Captioned web image data
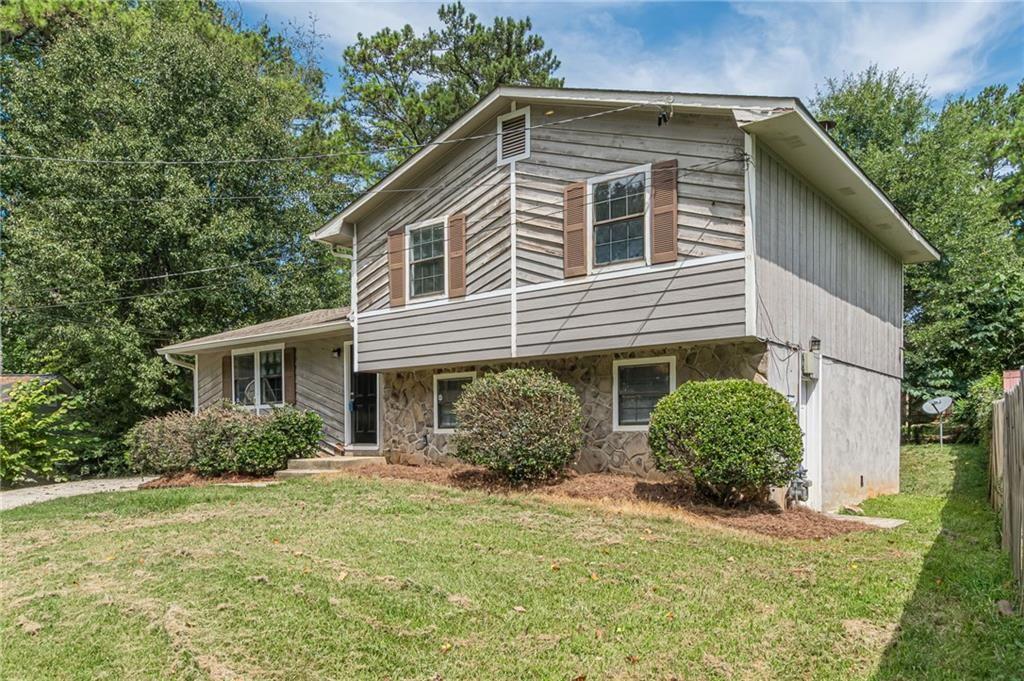 6077 Cherokee Valley Terrace Property Photo 2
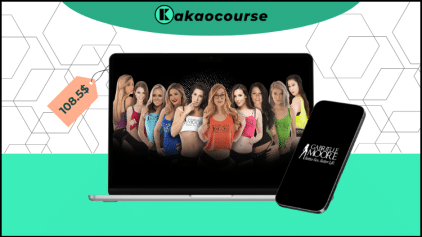 Naked U Sex Mastery Pass - 11 Modules, 44 Courses by Gabrrielle Moore Free Download
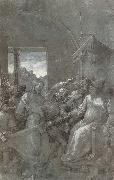 Albrecht Durer Christ Before Caiaphas china oil painting artist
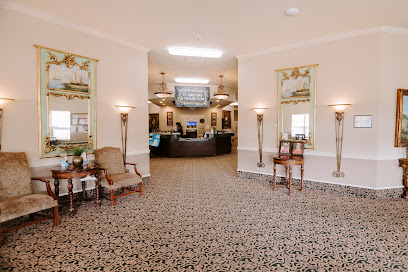ST JOHNS PLACE OF ARKANSAS, LLC — homepage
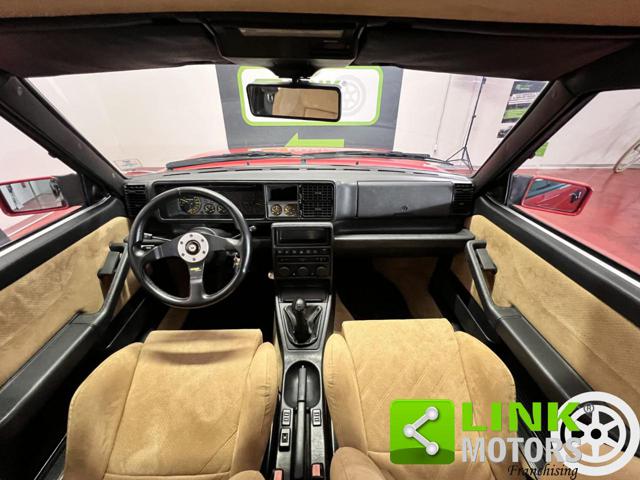 LANCIA Delta usata, con Pacchetto sportivo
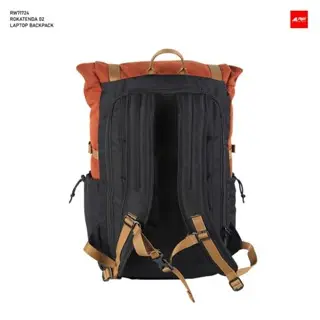 Ransel Rokatenda 02 Daypack Arei Outdoorgear 3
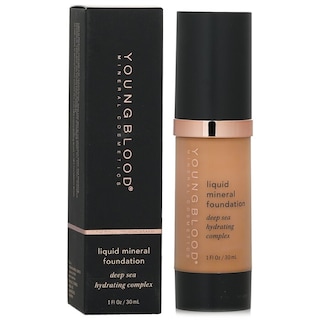 Foto 1 | Foto 1 | Base Mineral Líquida Youngblood Suntan - Venta Internacional.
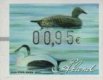 (image for) 2012 Machine Label €0.95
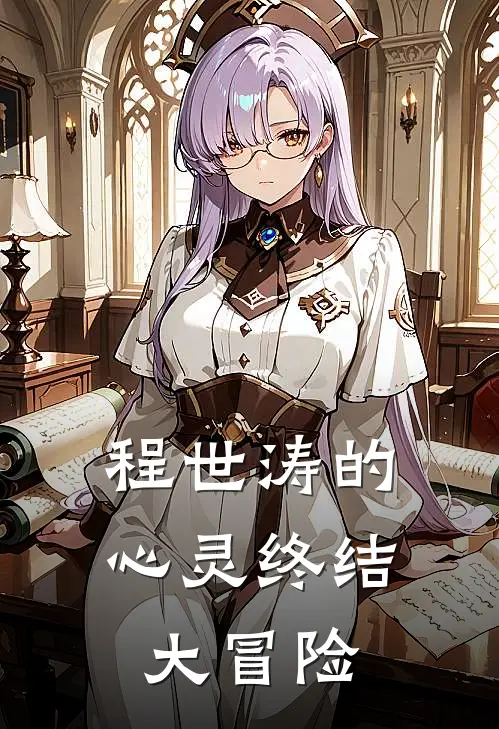 程世涛的心灵终结大冒险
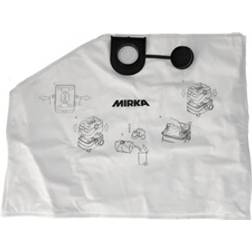 Mirka DEXOS 1217 Extractor Fleece Dust Bags 5 Pack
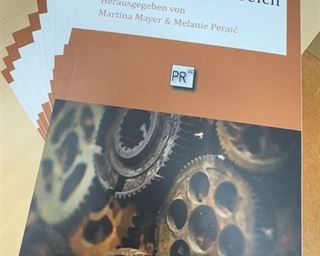 Professors from the University of Zadar contribute scientific articles to the Book Kulturen in Kontakt: Kroatien – Österreich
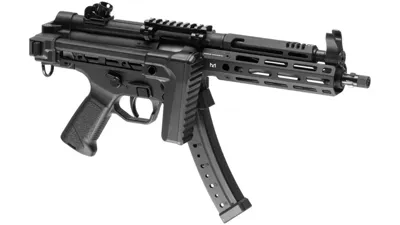 Tgm R5 0,5 J - G&G Armament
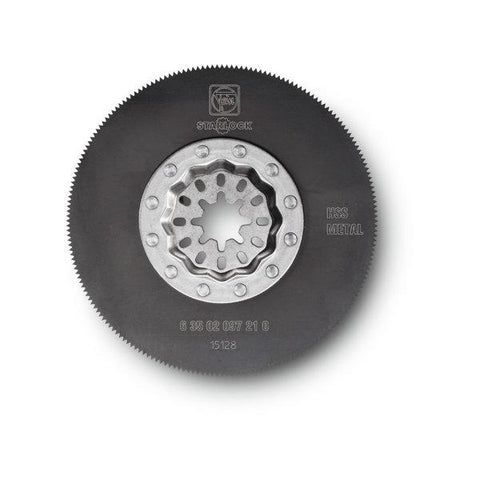 FEIN 63502097220 accessorio per apparato multifunzione Lama per sega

* THE PROBLEM: Leaving out the pictures, print exactly and only the lines from the one containing "Tgm R5 0,5 J - G&G Armament" through the last line of the records.

* RESPONSE AREA:
 Tgm R5 0,5 J - G&G Armament
 FEIN 63502097220 accessorio per apparato multifunzione Lama per sega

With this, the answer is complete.